The United Nations human rights chief said there were indications that Iranian security forces carried out mass arrests during the crackdown on protests, including pursuing wounded protesters into hospitals.
“We have indications that the security forces made mass arrests, even pursuing injured people into hospitals,” Volker Turk told the UN Human Rights Council at an emergency session on Iran.
Turk said thousands of people were killed during the crackdown.
“Thousands were killed in Iran’s crackdown on protests, including children,” he said.
The emergency session was convened to discuss what the council described as “alarming violence” used against protesters and to consider documenting alleged abuses for possible future legal proceedings.
Iran has sharply reduced operations at its consulate in central London, Iran International reported, following protests that took place outside the building during the recent unrest in Iran.
According to information received by Iran International, the consulate’s first floor has been fully evacuated and locked, and staff numbers at the site have been significantly reduced.
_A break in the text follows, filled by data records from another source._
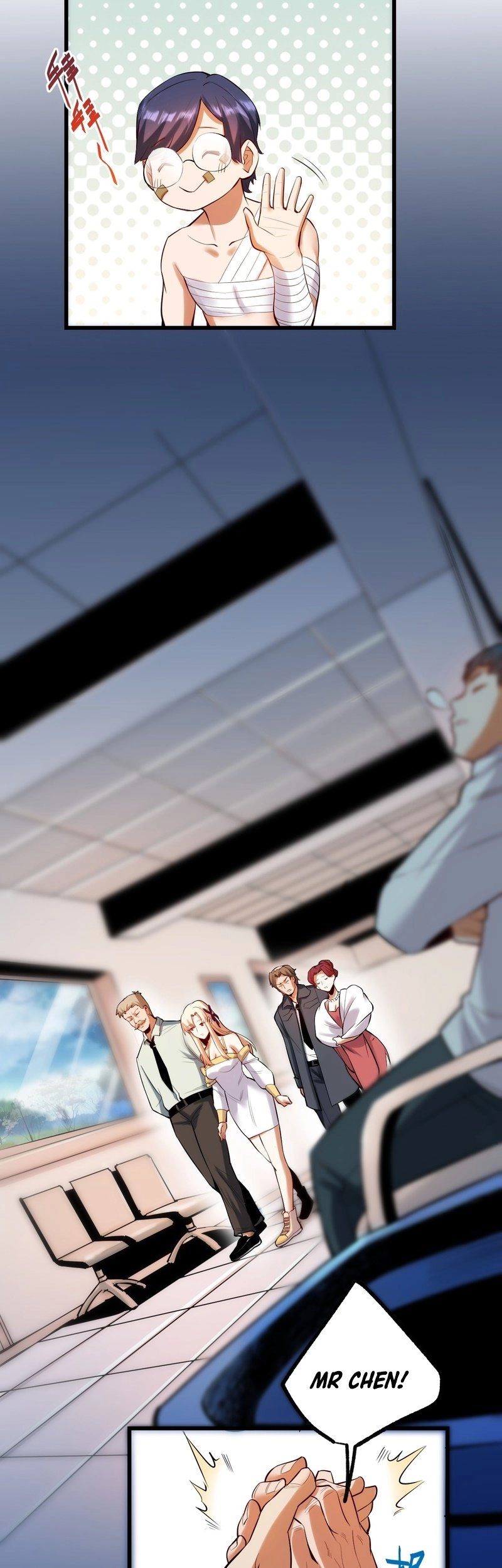 I Regressed to Level Up Instead of Being a Simp Chapter 4 - Page 8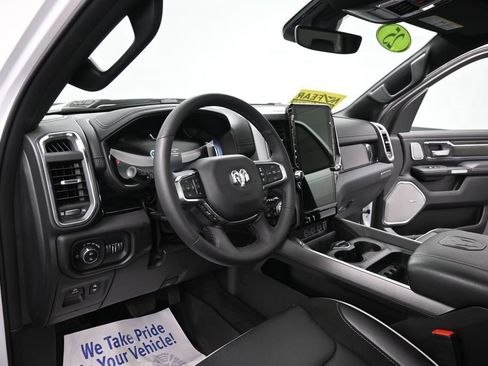 Used 2025 RAM 1500 Laramie w/ Night Edition AWD/4WD image 25
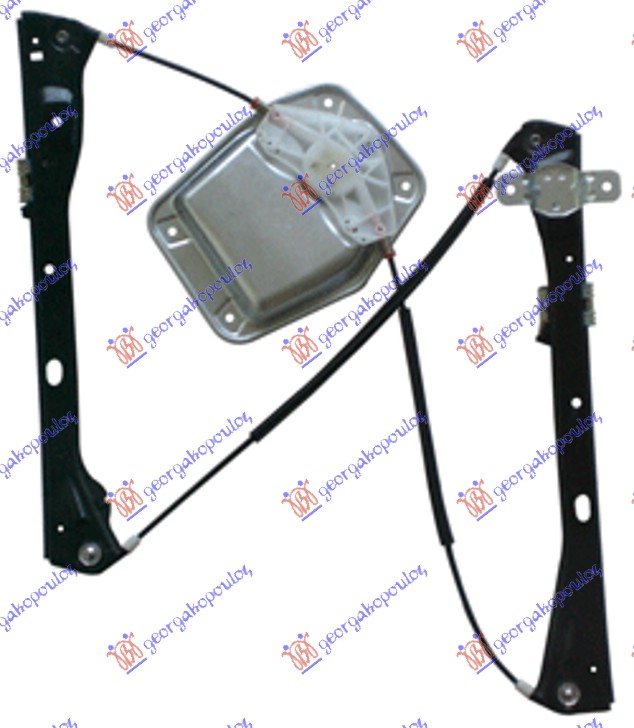 PODIZAC PREDNJEG PROZORA ELEKTRICNI (BEZ MOTORA) 5 VRATA VW GOLF 5 2004-2008 (1K1)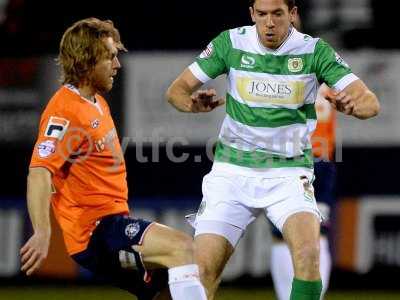 Luton Town v Yeovil Town 020216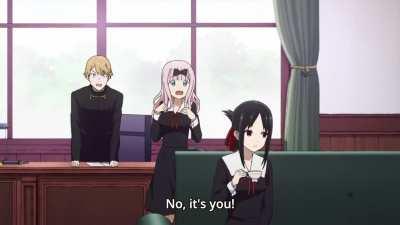 Kaguya First Time [Kaguya-sama: Love is War]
Consular services are now being provided at a much more limited level than before.
Images obtained by Iran International in recent days showed office equipment and administrative materials being removed from the building, with vehicles seen transferring staff and items to another location earlier this week.
The changes follow demonstrations held outside Iran’s embassy and consulate in London during the nationwide protests in Iran.
British police previously deployed metal barriers and vehicles to secure the area during the demonstrations.
A senior commander of Iran’s Revolutionary Guards said adversaries would fail in any attempt to damage the Islamic Republic, repeating defiant rhetoric from Tehran amid heightened tensions.
Ahmad Vahidi said the Guards were created to protect Iran’s Islamic system and remained prepared to confront what he described as external threats.
“Enemies should know they cannot inflict any harm on the Islamic Republic of Iran,” Vahidi said, according to state media.
EU lawmaker Hannah Neumann said she will host a public meeting next week on the violent repression of protests in Iran.
“Next Monday, 26 January, I will host a public meeting on the violent repression of protests in Iran, with a focus on minority groups,” Neumann wrote on X.
The session will be publicly livestreamed, she added.
Iran’s Supreme National Security Council instructed newspaper editors and online media managers to stop publishing independent reporting on protest deaths and to avoid interviewing bereaved families, according to information shared with Iran International.
The instruction, according to the information received by Iran International, was conveyed during a meeting with managers of domestic media outlets and explicitly required them to refer only to figures released by state bodies, while avoiding any independent accounting of deaths.
The same directive, the sources said, also prohibited interviews or conversations with families of those killed.

Iran’s Supreme National Security Council instructed newspaper editors and online media managers to stop publishing independent reporting on protest deaths and to avoid interviewing bereaved families, according to information shared with Iran International.
The instruction, according to the information received by Iran International, was conveyed during a meeting with managers of domestic media outlets and explicitly required them to refer only to figures released by state bodies, while avoiding any independent accounting of deaths.
The same directive, the sources said, also prohibited interviews or conversations with families of those killed.
Sources described as familiar with the decision said the measure was aimed at preventing broader disclosure of the scale of the killings of protesters, which they said occurred under direct orders from Supreme Leader Ali Khamenei.
Media managers question the order
The directive was delivered, the report said, as some domestic media managers challenged the government’s line during the same session, pointing to internal information suggesting a death toll in the thousands and questioning instructions issued under President Masoud Pezeshkian and the Supreme National Security Council.
Those participants, according to the account, argued there is a wide gap between official numbers and information circulating inside the country.
Iran’s National Security Council, a body operating under the Interior Minister, on Wednesday published figures for the first time covering deaths on January 8 and 9.
The statement put the number of killed protesters at 690. It also listed a total death toll of 3,117 across the two days, but described 2,427 of those as “martyrs” drawn from “innocent people and guardians of order and security,” a designation in the Islamic Republic’s official language generally used for those aligned with state institutions.
The Islamic Republic’s Martyrs Foundation also announced on Wednesday that military and security forces had taken the lives of only 690 protesters, while another 2,427 people were said to have been killed by protesters. The institution had initially reported 3,317 deaths, but hours later revised the figure down to 3,117.
Iran International said the official numbers differ sharply from information it has received, eyewitness accounts, and reporting by international media.
The outlet’s editorial board has previously put the number of protesters killed by state forces at at least 12,000, according to its published statement.
The number of civilians killed in Iran’s crackdown on protests may be more than 20,000, the UN special rapporteur on human rights in Iran said, citing reports from doctors inside the country, Bloomberg reported.
Mai Sato said earlier this week that civilian deaths were estimated at 5,000 or more, adding that medical reports suggested the toll could be far higher, at about 20,000 or more.
Iran International’s statement described the killings on January 8 and 9 as unprecedented in modern Iranian history in geographic spread, intensity of violence, and number of deaths.